How do students build community at Northwestern University, an elite, private, PWI (predominantly white institution) in the midwestern United States? How do cultural anthropologists think and write about people and places? What is your place at Northwestern? To find out, you will research, write, and communicate using anthropology's most famous methods: participant observation fieldwork, writing fieldnotes on your observations, and creating a final ethnography on one aspect of life on campus you choose to study throughout the quarter. Weekly readings and class discussions inform your observations, building toward a final creative/academic project presentation. We pay particular attention to intersecting power structures such as racialized identities, gender, sexuality, economic inequality, and cultural production. An important part of the course consists of in-class roundtables where we host guest speakers from NU student groups alongside local organizations for dialogue on current issues facing our communities.

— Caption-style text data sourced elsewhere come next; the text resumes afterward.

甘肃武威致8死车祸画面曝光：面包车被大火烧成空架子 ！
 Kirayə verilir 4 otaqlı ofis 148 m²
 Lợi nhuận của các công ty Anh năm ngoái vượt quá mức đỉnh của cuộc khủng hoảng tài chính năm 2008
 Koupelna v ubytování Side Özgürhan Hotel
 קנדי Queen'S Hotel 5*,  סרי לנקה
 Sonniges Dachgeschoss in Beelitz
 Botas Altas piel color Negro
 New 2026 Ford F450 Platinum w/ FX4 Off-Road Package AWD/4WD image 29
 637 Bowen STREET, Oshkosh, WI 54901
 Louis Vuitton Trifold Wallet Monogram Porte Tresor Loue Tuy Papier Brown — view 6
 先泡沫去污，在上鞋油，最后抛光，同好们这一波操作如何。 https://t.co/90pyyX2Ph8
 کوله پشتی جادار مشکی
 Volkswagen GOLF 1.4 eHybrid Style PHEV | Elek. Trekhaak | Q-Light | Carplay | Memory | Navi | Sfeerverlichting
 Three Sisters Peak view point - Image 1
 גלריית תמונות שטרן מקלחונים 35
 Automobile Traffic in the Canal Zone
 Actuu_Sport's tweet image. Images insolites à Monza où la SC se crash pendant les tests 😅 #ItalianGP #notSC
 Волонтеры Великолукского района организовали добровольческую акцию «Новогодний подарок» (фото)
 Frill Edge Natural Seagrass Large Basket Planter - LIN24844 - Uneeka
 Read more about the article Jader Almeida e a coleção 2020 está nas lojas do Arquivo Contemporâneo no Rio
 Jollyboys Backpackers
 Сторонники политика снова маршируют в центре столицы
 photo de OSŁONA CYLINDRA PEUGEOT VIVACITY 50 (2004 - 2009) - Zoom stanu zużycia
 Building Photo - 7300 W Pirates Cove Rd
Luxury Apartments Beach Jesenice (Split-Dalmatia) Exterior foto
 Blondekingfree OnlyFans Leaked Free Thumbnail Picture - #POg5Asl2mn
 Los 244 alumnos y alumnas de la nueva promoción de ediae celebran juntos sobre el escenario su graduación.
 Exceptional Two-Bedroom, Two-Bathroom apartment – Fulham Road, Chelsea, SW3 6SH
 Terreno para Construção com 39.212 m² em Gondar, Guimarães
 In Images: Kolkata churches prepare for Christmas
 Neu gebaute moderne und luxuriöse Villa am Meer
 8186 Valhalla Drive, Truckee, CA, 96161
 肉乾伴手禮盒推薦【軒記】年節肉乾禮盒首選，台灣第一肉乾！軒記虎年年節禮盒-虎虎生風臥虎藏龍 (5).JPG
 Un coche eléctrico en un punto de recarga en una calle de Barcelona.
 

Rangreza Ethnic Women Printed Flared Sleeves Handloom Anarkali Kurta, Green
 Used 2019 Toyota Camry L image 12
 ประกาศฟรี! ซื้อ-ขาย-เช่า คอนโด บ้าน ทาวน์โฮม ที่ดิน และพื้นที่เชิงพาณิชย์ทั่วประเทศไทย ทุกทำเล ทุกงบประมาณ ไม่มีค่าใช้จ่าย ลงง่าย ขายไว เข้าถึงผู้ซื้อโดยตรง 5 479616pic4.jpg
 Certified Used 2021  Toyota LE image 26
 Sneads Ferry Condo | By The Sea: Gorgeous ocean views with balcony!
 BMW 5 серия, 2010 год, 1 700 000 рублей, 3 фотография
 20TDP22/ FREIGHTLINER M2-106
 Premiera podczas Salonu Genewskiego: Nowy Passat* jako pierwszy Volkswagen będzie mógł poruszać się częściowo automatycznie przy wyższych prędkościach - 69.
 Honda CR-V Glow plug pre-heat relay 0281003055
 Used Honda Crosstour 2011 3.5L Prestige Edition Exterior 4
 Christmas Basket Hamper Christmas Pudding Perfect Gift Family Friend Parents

Conducting your own participant-observation research will empower you to 1. make sense of your environment in the current moment, 2. turn an analytical eye toward Northwestern as an institution, and 3. critically develop your new role as a college student. Requirements include contribution to class discussion, hosting roundtables, developing your field research project, and your final project presentation of your research results which can be creative, analytic, or a mix of both—past students have written and performed songs and poetry or created podcasts, maps, and hand-drawn illustrations as well as more traditional academic analyses. Course materials include one book for purchase ($15/ebook or $36/print) and book chapters, articles, and film/media accessed online in Canvas (free).

Registration Requirements

First-year only

Class Materials (Required)

Field Notes: A Guided Journal for Doing Anthropology by Luis A. Vivanco. Oxford University Press, 2016. ISBN: 9780190642204 for ebook rental or find print copy online.

Class Attributes

WCAS College Seminar

Enrollment Requirements

Enrollment Requirements: Weinberg First Year Seminars are only available to first-year students.